1. Little Rock's Blues
2. Hip Jones
3. Korina
4. For Tomorrow
5. Sweet And Lovely
6. Origin

Pharoah Sanders - tenor saxophone (except track 5)
Jean-Paul Bourelly - guitar (except track 5)
McCoy Tyner - piano
Richard Davis - bass
Elvin Jones - drums

Recorded on April 13 & 14, 1982 at Rudy Van Gelder Studio, Englewood Cliffs, New Jersey.

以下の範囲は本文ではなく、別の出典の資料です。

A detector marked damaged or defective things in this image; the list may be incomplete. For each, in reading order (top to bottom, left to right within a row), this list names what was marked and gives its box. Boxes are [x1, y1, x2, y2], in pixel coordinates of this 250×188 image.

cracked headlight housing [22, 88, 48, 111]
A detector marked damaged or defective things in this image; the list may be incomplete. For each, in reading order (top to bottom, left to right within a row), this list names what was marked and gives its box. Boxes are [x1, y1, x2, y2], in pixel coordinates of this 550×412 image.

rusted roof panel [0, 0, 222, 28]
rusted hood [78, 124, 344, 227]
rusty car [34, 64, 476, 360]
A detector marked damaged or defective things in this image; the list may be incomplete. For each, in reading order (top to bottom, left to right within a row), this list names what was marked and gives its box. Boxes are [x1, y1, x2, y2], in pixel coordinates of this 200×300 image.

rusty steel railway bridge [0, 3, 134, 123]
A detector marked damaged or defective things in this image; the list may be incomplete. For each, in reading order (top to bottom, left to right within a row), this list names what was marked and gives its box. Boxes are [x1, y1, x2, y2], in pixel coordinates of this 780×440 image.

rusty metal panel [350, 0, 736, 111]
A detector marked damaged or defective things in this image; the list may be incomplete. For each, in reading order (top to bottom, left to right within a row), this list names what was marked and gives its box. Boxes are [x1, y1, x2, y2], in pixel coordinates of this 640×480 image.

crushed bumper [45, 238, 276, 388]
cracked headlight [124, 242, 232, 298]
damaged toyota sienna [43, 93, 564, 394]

Elvin Jones / Live At The Lighthouse Vol.2

エルビンは1927年9月9日生まれ。つまり、本作はエルビンのバースデーライブだった。しかも、その日は土曜日。翌日の事は気にせず、観客は十分に楽しんだのだろう。後藤雅洋氏がライナーノーツの最後でコルトレーンとエルビンの関係について次のように書いている。

「今回通して聴き直してみて改めて思ったことは、最晩年のコルトレーンの音楽にエルビンが着いて行けなかった理由がかなり明確に見えてきたことだ。それは、エルビンの音楽が持つ良い意味での快楽的要素が、最晩年のコルトレーンには決定的に欠けていたと言う事実である」。なるほど。快楽的と書いてしまうと誤解されることもあるだろうけど、最晩年のコルトレーンが「音」を楽しんでいた、つまり「音楽」をやっていたとは思えないのだ。

1. Introduction - Happy Birthday Greeting
2. Sweet Mama
3. I'm A Fool To Want You
4. The Children, Save The Children
5. Brite Piece
6. The Children's Merry-Go-Round March

Steve Grossman - tenor saxophone, soprano saxophone
Dave Liebman - tenor saxophone, soprano saxophone, flute
Gene Perla - bass
Elvin Jones - drums

Recorded on September 9, 1972 at Lighthouse Cafe, Hermosa Beach.